1955-2005. Cinquant'anni di critica architettonica custoditi nell'archivio de L'Architettura. Cronache e storia torneranno a parlare al presente. La Fondazione Bruno Zevi ha scelto il progetto MAGNETZEVI del gruppo romano Superficial Studio - Daniele Ficociello, Federica Marchetti, Giulia Mura e Roberto Sommatino - per farlo: una piattaforma editoriale digitale che non si limiterà a conservare, ma interrogherà, connetterà e attualizzerà il pensiero zeviano attraverso strumenti di intelligenza artificiale e contenuti critici contemporanei.

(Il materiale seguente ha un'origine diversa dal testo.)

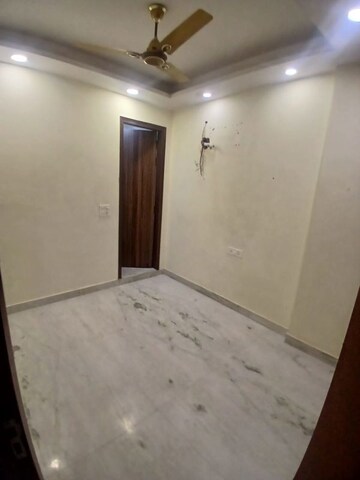 Room in 2 BHK Builder Floor at Shalimar Bagh – for Sale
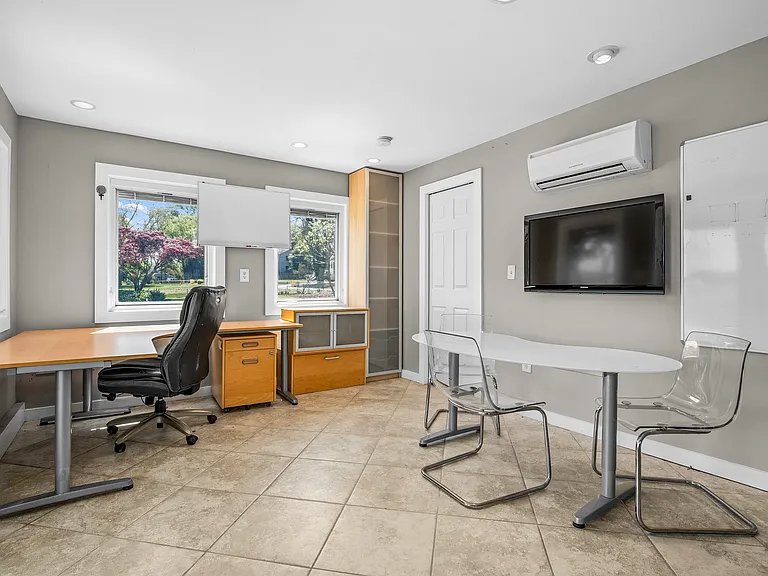 201 Edgewater Dr #B — Photo 18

A deciderlo è stata la giuria del concorso internazionale "Marisa Cerruti" - Marco Brizzi, Luca Gibello, Lucia Krasovec Lucas, Massimo Locci, Maria Luisa Palumbo, Paola Pierotti, Luca Zevi, Alessandra Chiappini e Roberta Melasecca - che ha selezionato MAGNETZEVI tra 10 proposte in gara. La motivazione parla di un progetto capace di «esplorare con sensibilità e creatività la ricerca pluridecennale di Bruno Zevi, attualizzando con soluzioni aperte e in divenire più metodi di analisi dell'architettura contemporanea, tutti integrati in un network interattivo».
Ma cosa sarà concretamente MAGNETZEVI?
Sarà una piattaforma editoriale digitale che trasformerà l'archivio della rivista in un organismo vivo: ogni mese, i numeri storici de L'Architettura verranno interrogati, anche attraverso strumenti di intelligenza artificiale, per ricavare connessioni con il dibattito architettonico attuale.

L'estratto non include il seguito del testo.